Concorso ricco, mi ci ficco. Anche quest’anno è in arrivo, puntuale come un orologio svizzero, il concorso della Farnesina per l’accesso alla carriera diplomatica: un oscuro comma nascosto nella legge di stabilità – il comma 301 – ha dato il via libera all’assunzione, tra 2020 e 2022, di ben 105 nuovi “segretari di legazione” per il ministero di Luigi Di Maio. Tre i concorsi previsti, per 35 posti l’anno. E sono posti d’oro: la diplomazia è la super-casta dell’amministrazione italiana.

Il primo gradino della carriera, quello appunto di segretario di legazione, assicura uno stipendio di 62 mila euro l’anno, 5 mila lordi al mese. Ne beneficiano già in 328. Alla tappa successiva, quella di caposezione (in servizio ce ne sono 161), la busta paga sale a 81 mila. Per i 264 consiglieri d’ambasciata l’ingaggio arriva a 174 mila euro, mentre per i 207 ministri plenipotenziari lievita fino a 240 mila, tetto che ufficialmente vale anche per i 25 ambasciatori e per il segretario generale Elisabetta Belloni.

Per incassare la mercede non serve lasciare l’amata patria. Nel 2019 ben 427 diplomatici su 985 (tra cui 10 ambasciatori su 25 e 106 ministri plenipotenziari su 207) hanno lavorato a Roma: 386 al ministero, a volte con incarichi misteriosi (“Coordinatore del Mare”, dello Spazio, dell’Energia o dell’Ambiente), mentre altri 41 hanno retto i rapporti internazionali dietro le scrivanie del Quirinale (Emanuela D’Alessandro, consigliere diplomatico del presidente della Repubblica Sergio Mattarella), di Palazzo Chigi (Pietro Benassi, ex titolare a Berlino, consigliere di Giuseppe Conte), una dozzina di ministeri e altri enti assortiti.

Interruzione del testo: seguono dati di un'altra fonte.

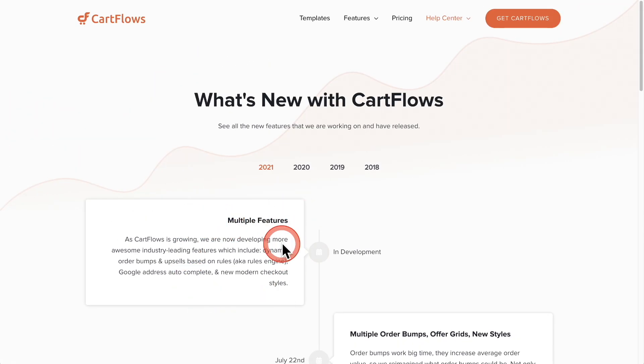Let me just read here of what we're developing right now, and I'm going to give you a sneak peek in this video. So it says right here as CartFlows is growing, we're now developing more awesome industry leading features, which include dynamic order bumps and upsells based on rules, AKA rules engine. I'm going to show you that in this video. And also we're adding Google address auto complete and new modern checkout styles.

E nel resto del mondo? La diplomazia tricolore ha schierato solo 558 campioni, il 56 per cento del suo organico. Però strapagati: secondo l’economista Roberto Perotti “i nostri ambasciatori sono probabilmente i meglio pagati al mondo”.

Lo stipendio del nostro rappresentante a Berlino, 122 mila euro l’anno, batte quello di Angela Merkel, senza contare l’indennità per il servizio all’estero, la residenza gratis (idem le bollette e i domestici), l’auto di servizio (autista ovviamente incluso), e l’argent de poche per “spese di rappresentanza” che non vanno neppure rendicontate. E ancora non basta. L’accordo sindacale incassato nel 2019 dal Sindmae, il sindacato dei diplomatici, distribuisce ulteriori soldini: approvato negli ultimi giorni di Paolo Gentiloni a Palazzo Chigi, recepito da Mattarella con il dpr numero 85 del 24 maggio, prevede aumenti sia per lo stipendio cosiddetto “tabellare” (fino a 9.500 euro lordi in più all’anno) che per la “retribuzione di posizione” (addio tetto, la Belloni arriverà a 266 mila 800 euro).

Non mancano altre piacevolezze, come il ritorno degli scatti automatici annuali e la possibilità di ricevere “acconti” (salvo “verifica conclusiva” del raggiungimento degli obiettivi) sulla “retribuzione di risultato”. Nel 2017 l’hanno intascata in 440, un diplomatico su due, con un costo di oltre 8 milioni e singoli premi che arrivavano, per i direttori generali (e posizioni equiparate), fino a 53 mila 909 euro. Il tutto senza nessun controllo di presenza e di orario. Eppure nel 2018, ultimo concorso di cui si hanno i dati, per accedere all’ultra-casta del bengodi si sono presentati in pochini: solo 2.757 aspiranti, contro i 4.656 del 2016. Che la Farnesina, per evitare le solite volgari polemiche, abbia diplomaticamente preferito non fargli tanta pubblicità?